As múltiplas expressões de luta no interior da população negra que é diversa desde sua origem, tem contribuído de forma decisiva para o combate ao racismo, manifestando sua força, principalmente, através da luta coletiva. Como Jhonatas Monteiro fez questão de afirmar logo após o resultado das eleições, a vitória da sua candidatura foi construída por muitas mãos, o que agrega ainda mais responsabilidade para o seu mandato, até por isso, seu programa foi construído no diálogo com diversos grupos e movimentos organizados do município para entender as demandas reais e organizar os próximos passos para a ação na Câmara.

Antirracismo na Casa da Cidadania

O compromisso antirracista, uma das principais bandeiras defendidas pelo Rasta, está expresso no seu programa de campanha e deve orientar a sua postura como parlamentar.

Entre os eixos propostos nesse programa, está o de Identidade e Antirracismo que reflete sobre o abandono do poder público, principalmente, às periferias, onde está concentrada a maior parte da população negra, mas também traz o resultado do diálogo com movimentos e entidades que estão em outras frentes de luta contra o racismo institucional. Neste eixo, é possível identificar exemplos do que deve ser feito pelo vereador eleito a partir de janeiro de 2021. Entre eles estão, a fiscalização da implementação da Lei 11.645/08, no campo da educação. 

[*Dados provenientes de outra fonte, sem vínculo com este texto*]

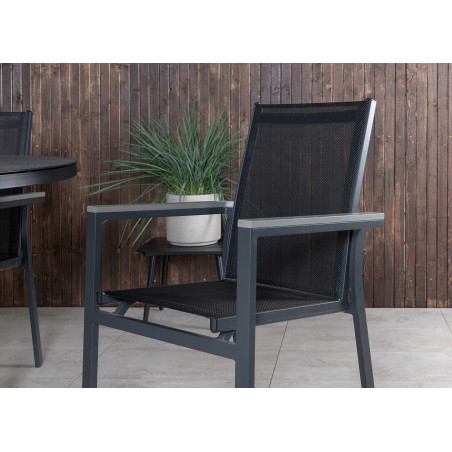 Chaises de jardin design en aluminium noir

A Lei 10.639/03 é um marco significativo para os movimentos negros organizados porque instituiu a obrigatoriedade da temática História e Cultura Afro-Brasileira no currículo na Educação Básica, púbica e privada. A Lei 11.645/08, amplia seu raio de ação incluindo também a discussão sobre as culturas indígenas. Para Jhonatas, a fiscalização desta Lei é fundamental e deve ocorrer não em relação a atuação dos docentes, mas em relação às condições que a Secretaria de Educação tem oferecido para que estes temas cheguem as salas de aula: “Avançar nisso significa a possibilidade de um ambiente escolar mais acolhedor para a população negra, que contribua para a sua valorização, estima e sobretudo afirmação”, afirma.

No campo da saúde, outra proposição significativa. O debate sobre o Programa de Atenção Básica direcionado às pessoas com doença falciforme em Feira de Santana, já que, segundo Jhonatas, o programa local retira significativamente a responsabilidade do município no fornecimento de condições de saúde para as pessoas acometidas pela doença que são, em sua maioria, negras já que é uma doença que, comprovadamente, atinge mais essa população.

Em relação à segurança pública, tema caro para a população negra feirense que convive com estatísticas perversas de mortalidade de jovens, a proposta é de construção de um mapa da violência, com critérios raciais e de gênero, para compreender de que forma vem ocorrendo, o que ele chama de extermínio da juventude negra de Feira de Santana: “De modo geral, isso é naturalizado como parte da paisagem. Todos os dias as pessoas escutam nos veículos de comunicação formas diversas de assassinatos, de violências cometidas de modo extralegal, inclusive por agentes do Estado, coisas associadas à lógica de resolução violenta de conflitos que está colocado na sociedade e isso é naturalizado, banalizado. Portanto, a ideia é propor, por iniciativa legislativa, a criação de um instrumento que estabeleça, dê transparência aos dados e ajude a orientar o debate no enfrentamento ao racismo institucional. Associado a isso, reorientar o debate público por meio da orientação dos direitos humanos”, enfatiza.

Outro caráter importante de seu mandato, destaca Jhonatas, será a atuação para (re) construção positiva da dimensão simbólica da população negra feirense: “Feira tem dificuldade de se aceitar como um lugar negro e até hoje temos aqui logradouros, praças ruas, associadas à memória mais de quem foi escravocrata ou se beneficiou dessa instituição e pouca visibilidade a um conjunto de figuras de negros e negras que construíram esse município. Disputar isso, renomeando, revisando os nomes que marcam o espaço público do município para disputar a visão que Feira tem sobre seu próprio município, pode contribuir para que as pessoas entendam que no passado seus antepassados lutaram e que é possível no presente lutar para construir outro futuro onde se estabeleça que, só é possível pensar democracia se pensar a superação do racismo”, afirma Jhonatas Monteiro.